Today we continue exploring the themes in Living More with Less, and we’re focusing on what Doris Janzen Longacre calls the Fourth Life Standard: Cherish the Natural Order.The first question that came to mind when I first read this was “why doesn’t she just say practice environmentalism or creation care?”
In the book, Doris goes into more theological detail, but it boils down to this: We are called to cherish the earth, not just not pollute it.
This past year I had a garden for the first time. There were some successes (my tomatoes and cucumbers grew amazingly well and avoided any blight), and some failures (rabbits ate my beets and carrots as soon as the sprouts emerged from the ground). Through it all, I LOVED going to the backyard every day to see how things were progressing. I was reminded of how God is in control of everything; from the peas that somehow grew from little seeds to the tomato plants that seemingly overnight grew lots and lots of cherry-sized deliciousness, refusing to be confined by tomato cages and stakes.
I feel very blessed that as a child I was taught to respect and love nature and God’s creation. My Dad was a conventional potato and onion farmer so I knew we earned a living from the land, and that chemicals were to be used sparingly (this was before organics were very common). My grandparents had a large garden and a compost pile that I remember well. On Sundays sometimes my Dad would take us fishing, and on the way to the property that my Grandfather owned we would stop by the pile and dig some wriggly worms. Then we’d drive to a secluded lake and fish for bluegills and perch. My Dad would identify various bird calls while we waited for the fish to bite. I learned to cast, aiming for a spot just outside the weeds.
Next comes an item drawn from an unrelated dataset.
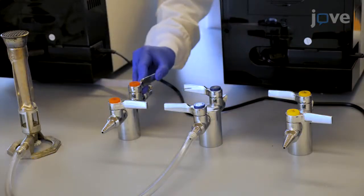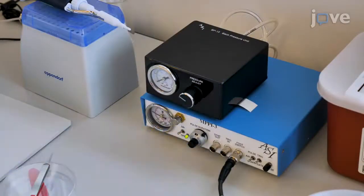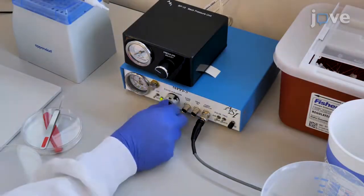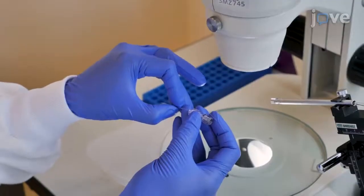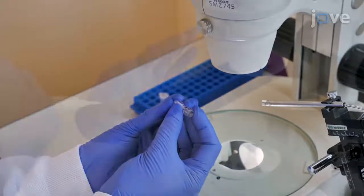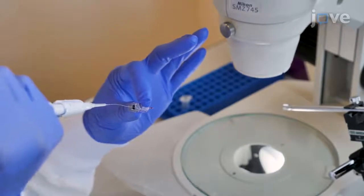Open the compressed air valve and turn on the microinjector. Set the pressure to about 25 psi, pulse duration to 60 milliseconds, and back pressure unit to 1 psi. Use a microloader pipette tip to load the microinjection needle with 3 to 5 microliters of PBS or spore suspension with phenol red.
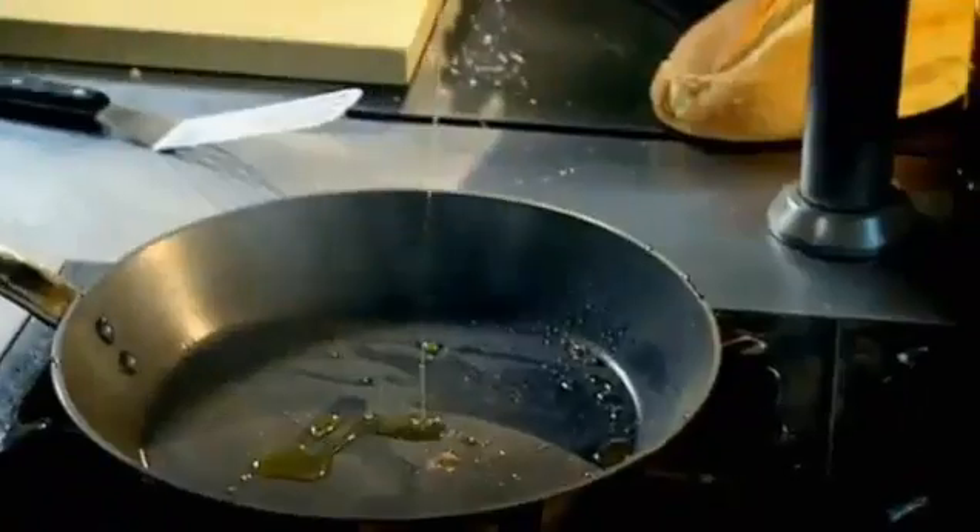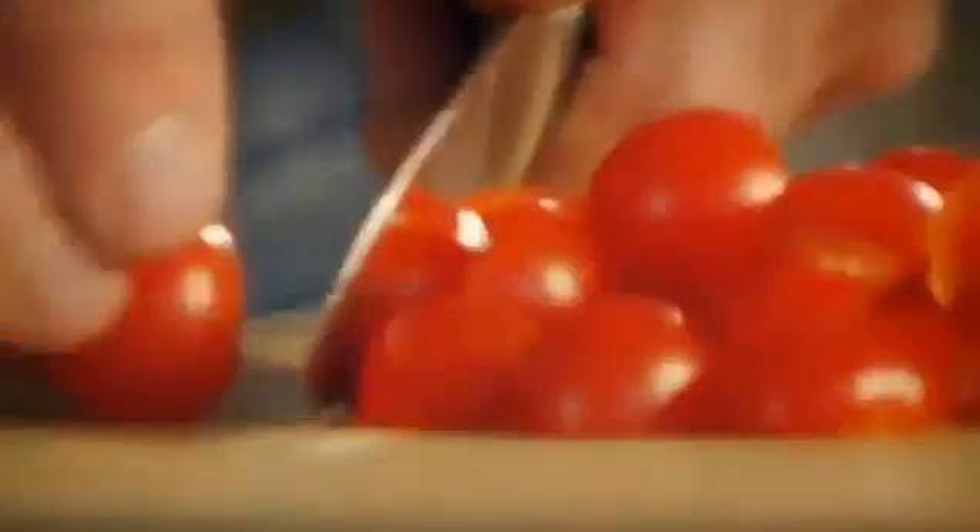Take it out of the pan onto a tray. And now we're going to make a really quick tomato and basil salsa. Tomatoes, shallots. You can hear the tomatoes roasting in the flavor of the fish. Basil.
For summer vacations we would pile in my parent’s station wagon and drive to Michigan’s Upper Peninsula to stay in cabins owned by my grandfather and his relatives. During the day we’d either go fishing with Dad or pick blueberries with Mom. If it was warm enough we’d go body surfing in Lake Superior.
It was through all those experiences that I learned to love nature. Even though I live in the suburbs now, I enjoy my backyard garden and enjoy opportunities to go to parks and visit my parents who still live in the country. It wasn’t until recent years, however, that I realized that nature has been polluted, and that we need to make an effort to care for the earth. That if I want to continue to enjoy the outdoors, it is necessary to protect it.
So what does all this have to do with living simply? Well, it’s just another reason to do so, and a guiding principle to live by. We have one more Life Standard to discuss next week, and then we’ll get into the “how.” I hope you’ve enjoyed learning about these Life Standards so far; I do think they provide a good basis from which to make decisions.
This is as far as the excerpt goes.